Pero este fenómeno no es exclusivo de EEUU. En Europa, Giorgia Meloni en Italia, Viktor Orbán en Hungría o Marine Le Pen en Francia han construido un relato atractivo para sectores juveniles. Prometen de identidad nacional frente al multiculturalismo, seguridad frente al miedo y certezas frente a la incertidumbre. Los tres líderes comprendieron que para garantizar su permanencia debían cautivar a los jóvenes y ofrecerles un sentido de pertenencia en medio de la crisis de representación.
Populismos que llenan vacíos
En América Latina, el chavismo, aunque más ortodoxo y menos estratégico, también ha buscado acercarse a la población juvenil. Con programas como Chamba Juvenil o la creación del partido Futuro Venezuela, Nicolás Maduro buscó ofrecer una narrativa de movilidad social y reconocimiento simbólico para las nuevas generaciones. En realidad, eran mecanismos de control político y cooptación ideológica. Igual que en Europa o en Estados Unidos, la estrategia fue clara: ocupar el terreno cultural y político que la democracia descuidó. En Colombia, el candidato Daniel Quintero habla de resetear la política y llamar a una constituyente, porque la actual Constitución no ha permitido desarrollar las reformas sociales.
Frente a esto, surge una pregunta inevitable: ¿por qué jóvenes abrazan proyectos que restringen derechos y debilitan instituciones? La respuesta está en la mezcla de frustración social y narrativa política. Los autoritarismos ofrecen certezas rápidas en tiempos de precariedad: orden frente al caos, autoridad frente a la fragmentación, identidad frente a la diversidad. Donde la democracia aparece como lenta, ineficaz o distante, los populismos llenan el vacío.
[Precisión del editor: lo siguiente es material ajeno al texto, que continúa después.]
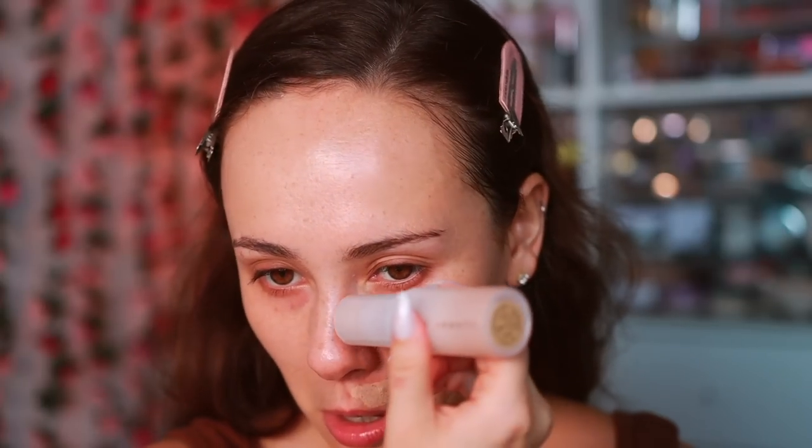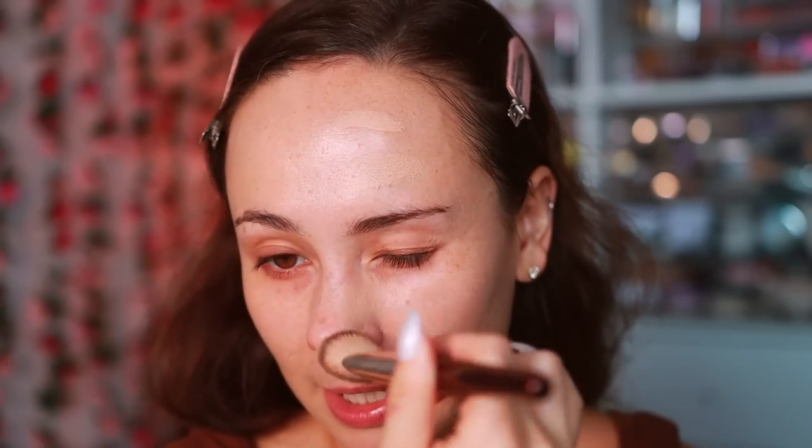I'm going to try a bit more coverage on this side — popping the stick right over the acne spots. Doing a second layer to see if we can get that medium coverage it claims to have. It's blending so well! My first impressions up to this point: I'm loving the consistency and the finish. It did a pretty good job covering the cherry-red areas. I would say this gives a lighter side of medium coverage — more than I expected — and it's definitely buildable.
Generación sin memoria democrática
Sin embargo, hay un elemento que rara vez entra en la discusión: la memoria democrática. Los jóvenes que hoy votan contra la democracia. Olvidan —o desconocen— que su generación ha tenido más oportunidades que la de sus padres gracias, precisamente, a los avances democráticos. Chile es un ejemplo claro: durante tres décadas de transición, el país multiplicó su ingreso per cápita, amplió el acceso a la educación y redujo drásticamente la pobreza. Colombia es otro caso: pese a la violencia y las desigualdades, las últimas dos décadas consolidaron una clase media creciente, una cobertura educativa inédita y un acceso a derechos básicos que antes eran impensables. Y, sin embargo, en ambos países, miles de jóvenes votaron en contra de los consensos democráticos que hicieron posible esos avances.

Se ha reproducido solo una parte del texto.